Malacañang on Tuesday thumbed down the idea of legalizing the growing of marijuana plants in Mountain Province for medicinal purposes to provide income to indigenous people in the region.
Presidential Spokesperson Harry Roque said President Rodrigo Duterte was committed to eradicate illegal drugs in the country and said the government was continuing to wage a war on illegal drugs in the country where more than 4,000 have reportedly been killed.
Duterte, who won the presidency on a campaign promise that he would rid the country’s drug problems in six months, said drug users were inclined to commit different crimes.
In a press briefing, Roque said the government had launched alternative agricultural programs to uplift the lives of farmers, particularly the indigenous people in Mountain Province and in Mindanao.
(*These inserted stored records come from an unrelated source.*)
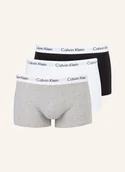 Majtki damskie - Calvin Klein Bokserki Cotton Stretch, 3 Szt. weiss - miniaturka - grafika 1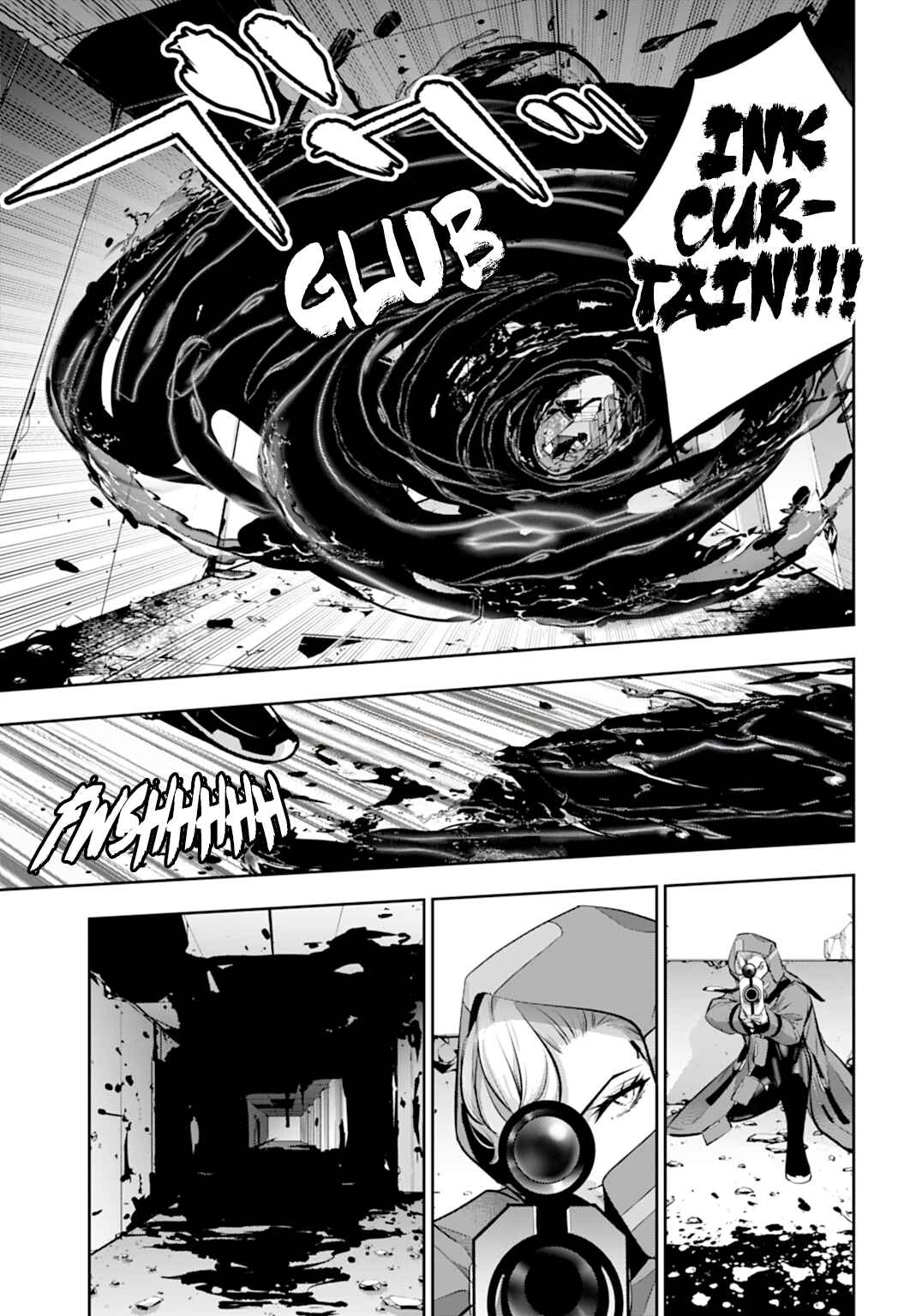 Page 11 Chapter 59 Majo Taisen - 32-nin no Isai no Majo wa Koroshiau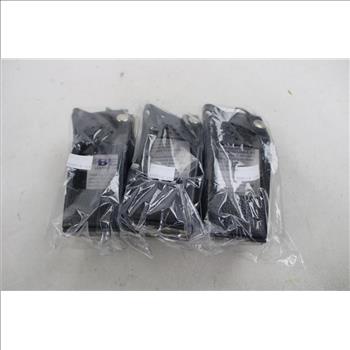 Bee Leather Carry Case, 3 Pieces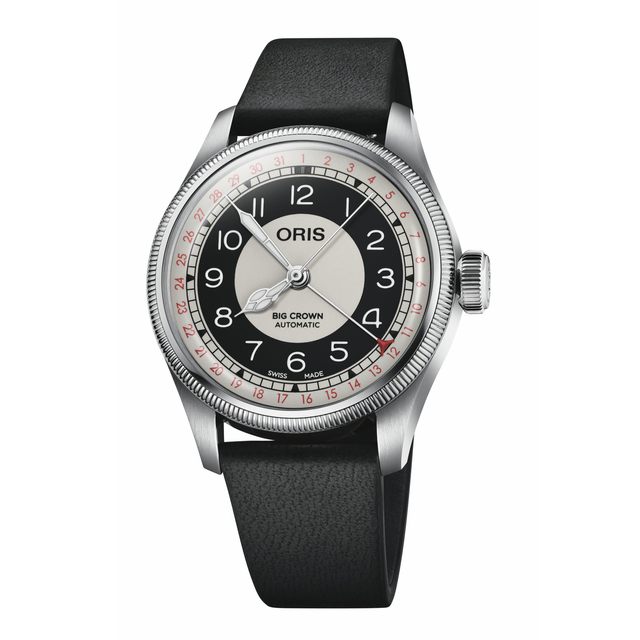 オリス「ビッグクラウンポインターデイト ブルズアイ」、120年の精神を映す新作メカニカルウォッチ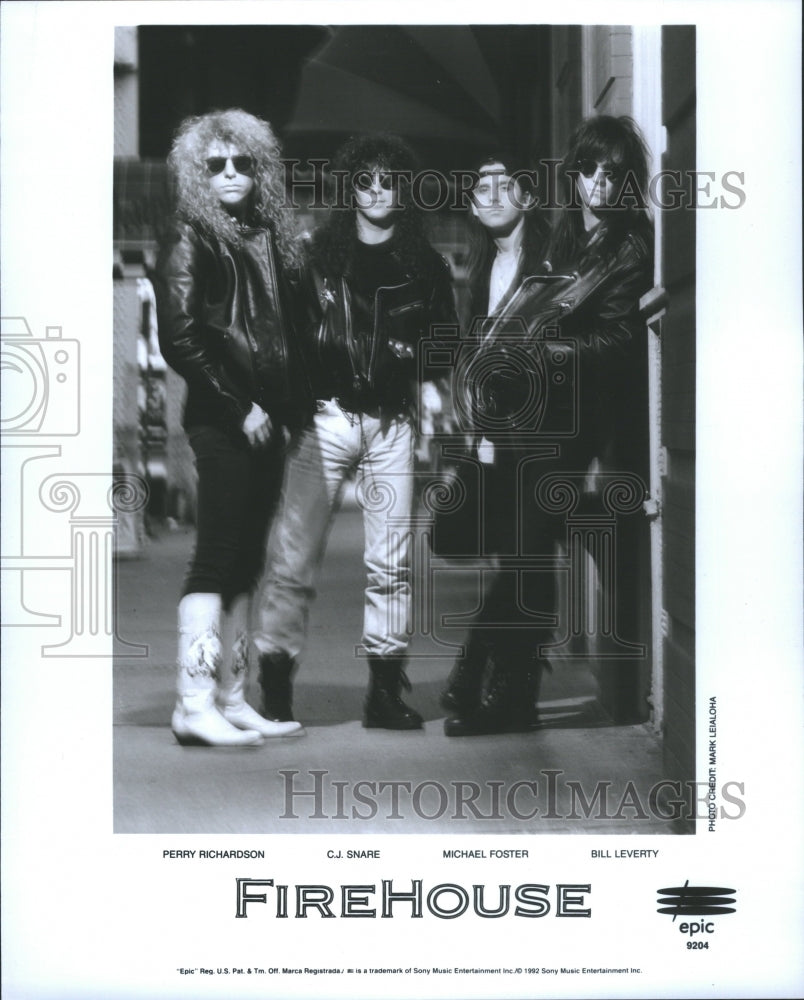 1993 Press Photo Firehouse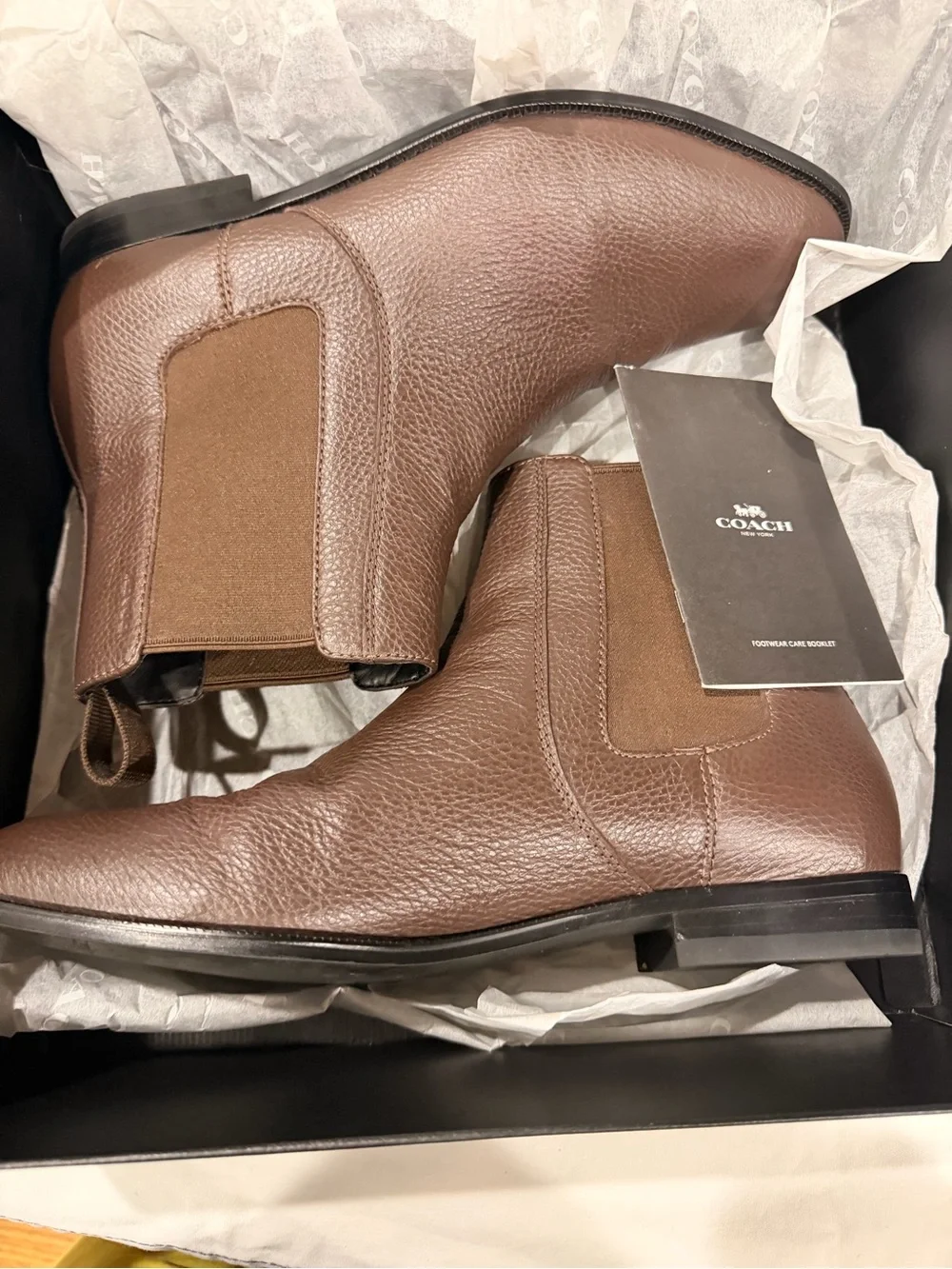 Coach classic chukka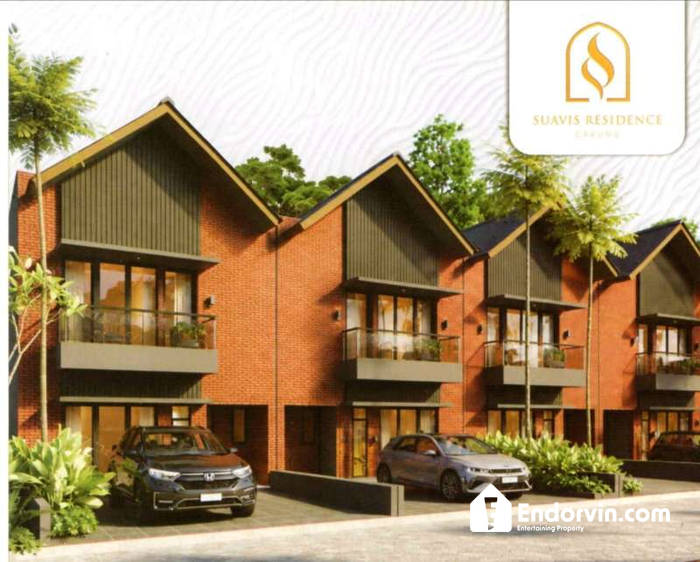 Dijual Perumahan Suavis Residence Type Nara Daerah Pulogebang
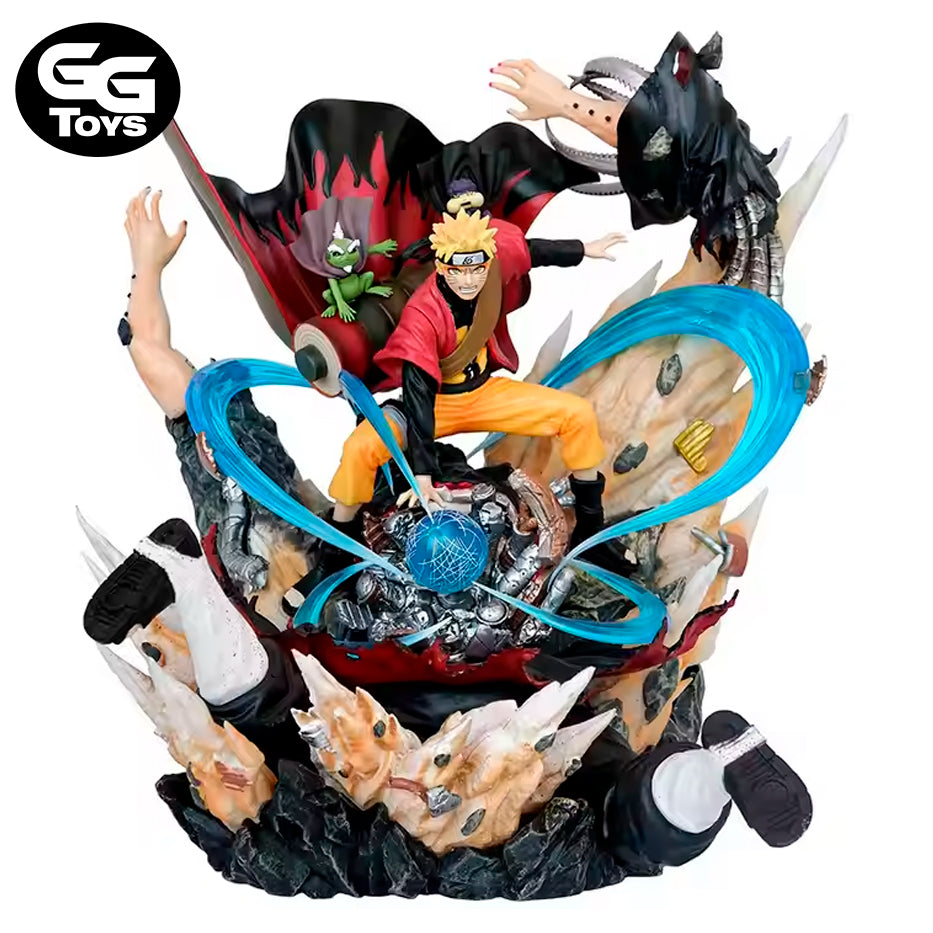 Naruto Epico - Naruto Shippuden - Figura de Acción 27 cm - En Caja - PVC / Plástico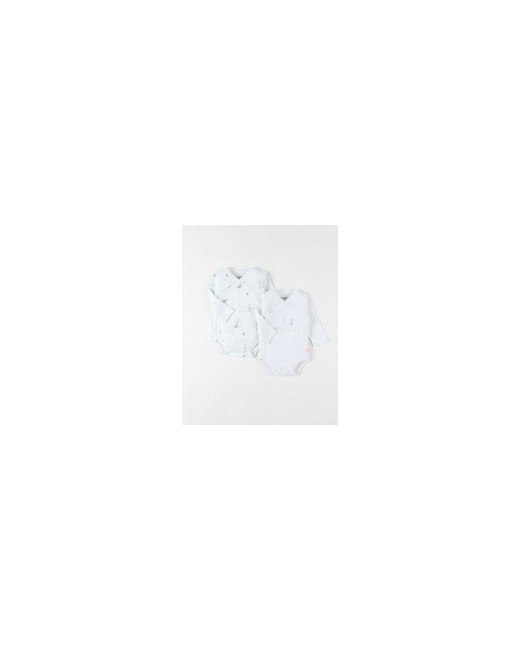 Set de 2 bodies savane en coton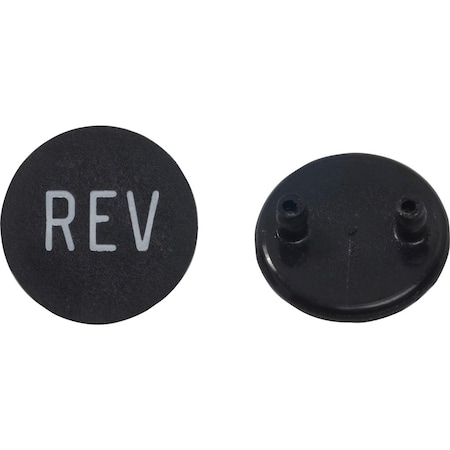 Push Button Legend Plate 30MM T-B MPN:9001B256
“We have plenty of programs provided by the Department of Agriculture, where they introduced different crops to plants. Many were given livestock to stop them from growing marijuana,” Roque said.
Asked if the President was willing to legalize planting of marijuana by some indigenous people because it is part of their culture to smoke and use it as their medicines, the Palace official said the President was against legalizing this because that would create more problems.
The government, he said, is fully aware that marijuana is being used to manufacture as a component for certain medicines, but once marijuana is legalized, Roque feared that it might go out of control.
For the farmers, the Palace official said there were alternative plants for the farmers to grow.
“Don’t wait to be arrested and jailed because illegal possession of drugs, including marijuana, is penalized with life imprisonment,” he warned.